The lack of perceived benefits for the community, combined with this additional pressure on infrastructure provides the perfect conditions for a resident objection storm. Why is this important? Well, community buy in for proposals can often be a prerequisite for political support. In many cases members are perhaps able to see the advantages of the proposals, but they feel unable to support development, given the large objection from their constituents. Street votes look to increase this community buy in, in turn providing political support.

The monetary gain residents could achieve from the concept is one of the main reasons for confidence over resident support. The report suggests that, on average, residents involved could make £900,000 – certainly not a figure to be taken lightly.

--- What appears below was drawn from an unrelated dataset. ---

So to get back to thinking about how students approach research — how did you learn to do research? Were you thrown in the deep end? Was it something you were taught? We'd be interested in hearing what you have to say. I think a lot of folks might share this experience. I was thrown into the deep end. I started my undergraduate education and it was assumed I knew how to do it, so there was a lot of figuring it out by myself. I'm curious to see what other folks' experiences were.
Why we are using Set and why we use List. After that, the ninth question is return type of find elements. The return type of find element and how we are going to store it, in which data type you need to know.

There are of course caveats, street votes can only take place in areas with good access to facilities and transport links, cannot be implemented on any pre-1920 building, or on any streets with a listed property. Perhaps helping to hone the focus to areas of urban sprawl near to main service centres.

Intensification of the suburbs to provide properties more akin in style to Victorian / Georgian terrace housing should in theory gather support for the street in favour of the development. However, this does not automatically mean that there will be no issues. As with all planning matters, it will still be important to consult from an early stage.

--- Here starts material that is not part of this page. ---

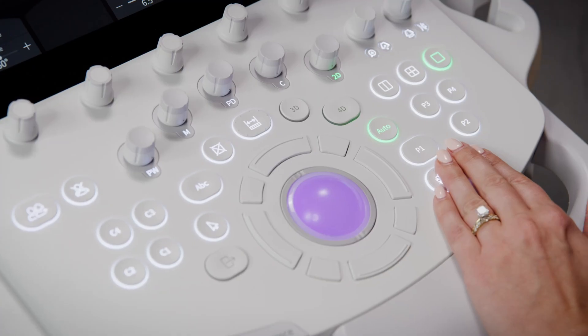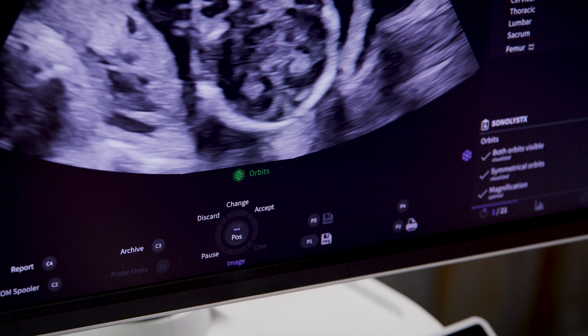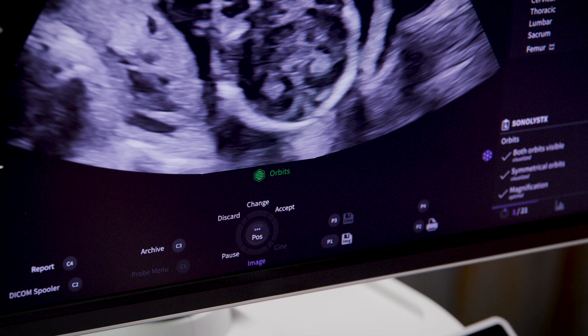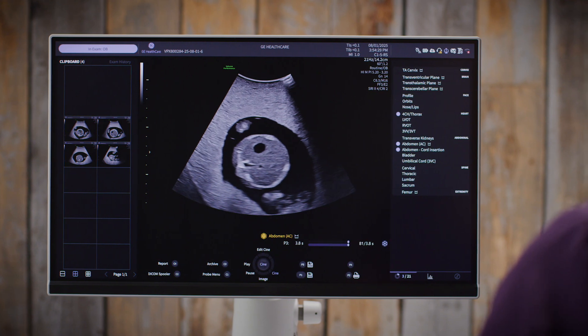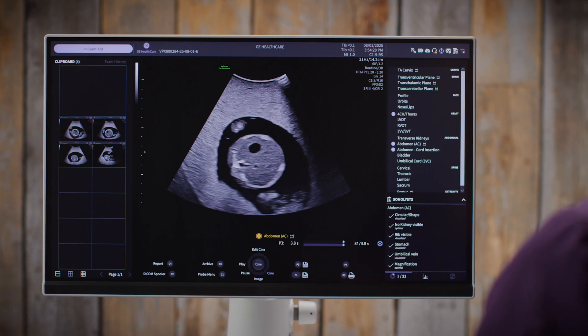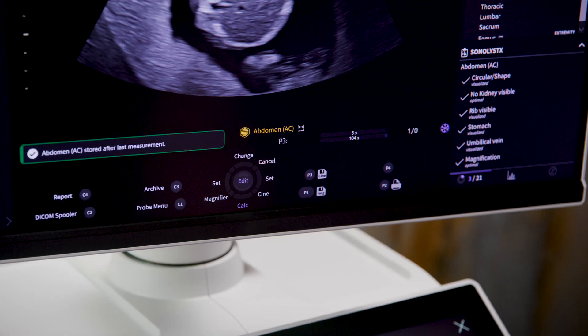Next up is manual assistance. This is perfect if you want to stay in control of when images are captured, but still want AI to help with annotating, measuring, and reducing keystrokes. Here's how it works: scan and freeze when you're ready, then press Accept using the top right trackball key or a configured P key. The system will annotate, store, and send the image based on your setup. If a measurement is tied to that view, it'll prompt you to measure and automatically select the correct one. Once you set the calipers, the image is stored. And yes, the Quiet Capture Library is still active here too.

Localised planning is of course not a new concept, and Neighbourhood Plans have provided a mechanism for grass roots representatives to have a real influence on the future planning and design of new homes in their area. This alongside the increasing chatter of devolution, could help to give real credence to the idea of a more localised approach.

The idea of street votes does divide opinion, with one colleague pointing out, and rightly so, that this kind of incremental planning doesn’t provide the proper infrastructure needed to support further residents in the same way that a large-scale development can.

However, if we are truly to revolutionise the planning system and provide the homes that people need, there needs to be a place for these ‘big ideas’. Particularly those that help to regenerate and provide a method for densification of existing stock in the suburbs, catered for within existing planning mechanisms. Provision within Local Plans or, perhaps more appropriately, Neighbourhood Plans could be a worthy solution. Could this then work? Perhaps, but the key in all of this is if the monetary gain will be enough to build advocacy, and for me the Jury is out on that one. It will of course succeed with the few who look to gain, but as with any development, there are likely to be those impacted without the resulting benefits, and this is always where objection occurs.

Whilst there is clear merit in the introduction of a system that provides an opportunity for greater community benefit, and support, there will be a very prevalent need for early engagement with neighbours and surrounding areas with regards to emerging proposals. Advocacy isn’t achieved overnight, and what is good for some is never good for all, so open honest communication will be key, as always, to the support of these schemes.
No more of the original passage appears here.